There is an interesting parallel, obvious open reflection, between modesty and sense of self. It occurred to me on one particularly lazy Saturday as I sat on a friend’s couch and watched a “real” housewife “find” herself relearning the art of striptease (Sorry for the excessive quotation marks, but I can’t help but feel they are necessary). As her male friends looked on and handed over dollar bills, she boasted that she was finally feeling like herself again. Now, I don’t know what exactly this woman was experiencing, but it is hard to believe it was anything like an actual sense of self. For one who has not felt her soul for a long time, the external validation of her exposed body seemed an ample substitute. And just like that, I felt like I understood pop-culture.

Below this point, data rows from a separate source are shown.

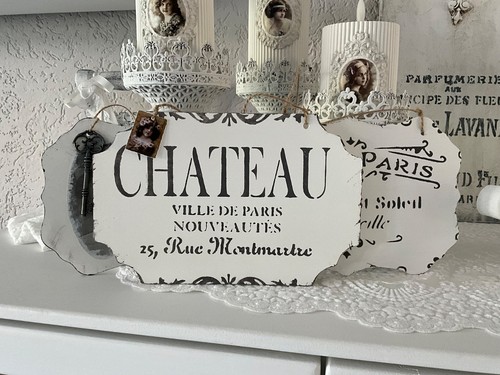 Shabby chic antikoptik - chic,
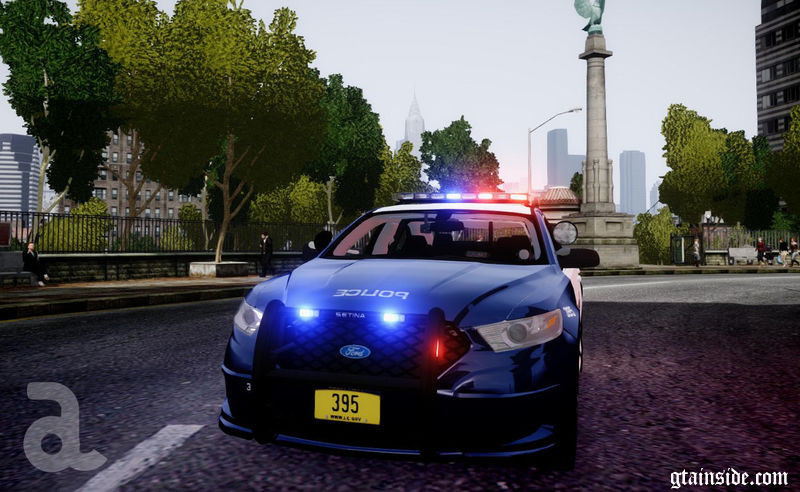 2013 Ford Police Interceptor - Liberty City Police Department (ELS)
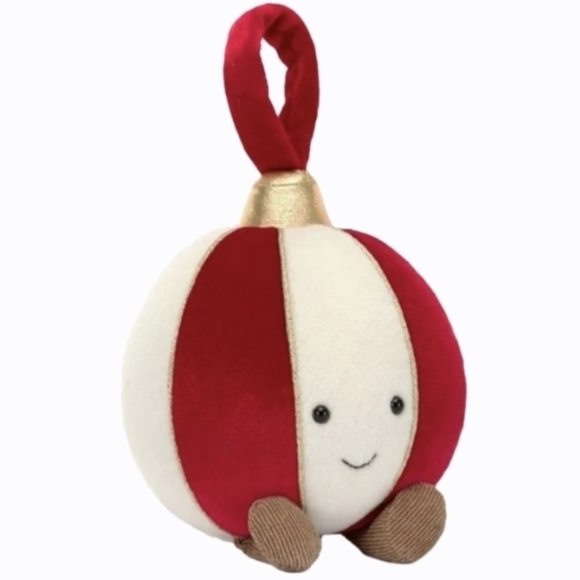 Jellycat Amuseable Bauble Ornament Soft & Plush 6x5" NWT - Picture 1 of 6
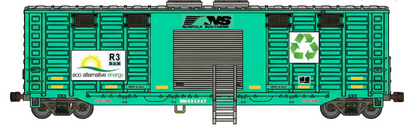HO Norfolk Southern ECO Maintenance of Way Boxcar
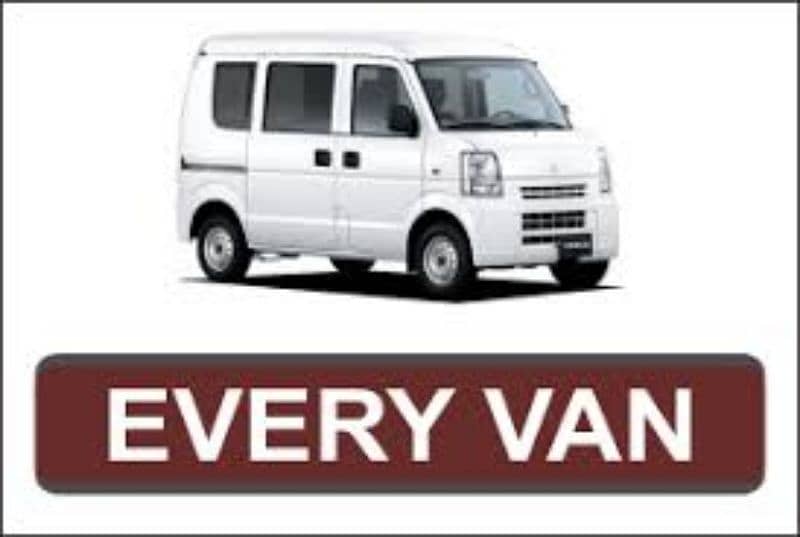 SUZUKI EVERY FAMILY CAR TAXI SERVICES PICK AND DROP AVAILABLE ANY TIME 1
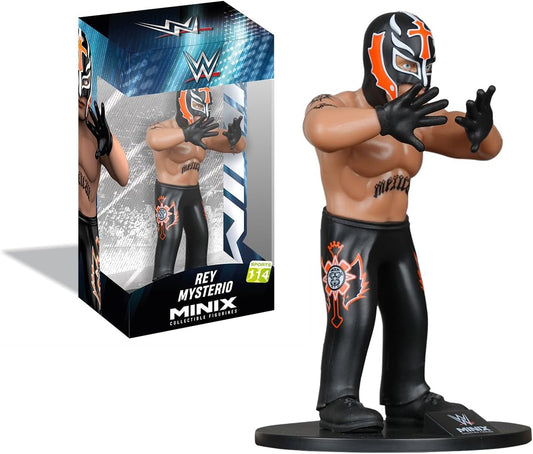 Rey Mysterio WWE MINIX Sports Figure, alternate view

Modesty is a pretty well-forgotten virtue. The word itself feels prudish and outdated, something to be considered for your grandmother’s sake at family gatherings. Even in a religious subculture that intends to value it, it has, to most, come to refer simply to how much fabric you have managed to put on yourself or knowing when not to mention your own accomplishments. But as I watched this sad woman complete her empty quest for self-esteem, I wondered if we had entirely forgotten the virtue of real modesty.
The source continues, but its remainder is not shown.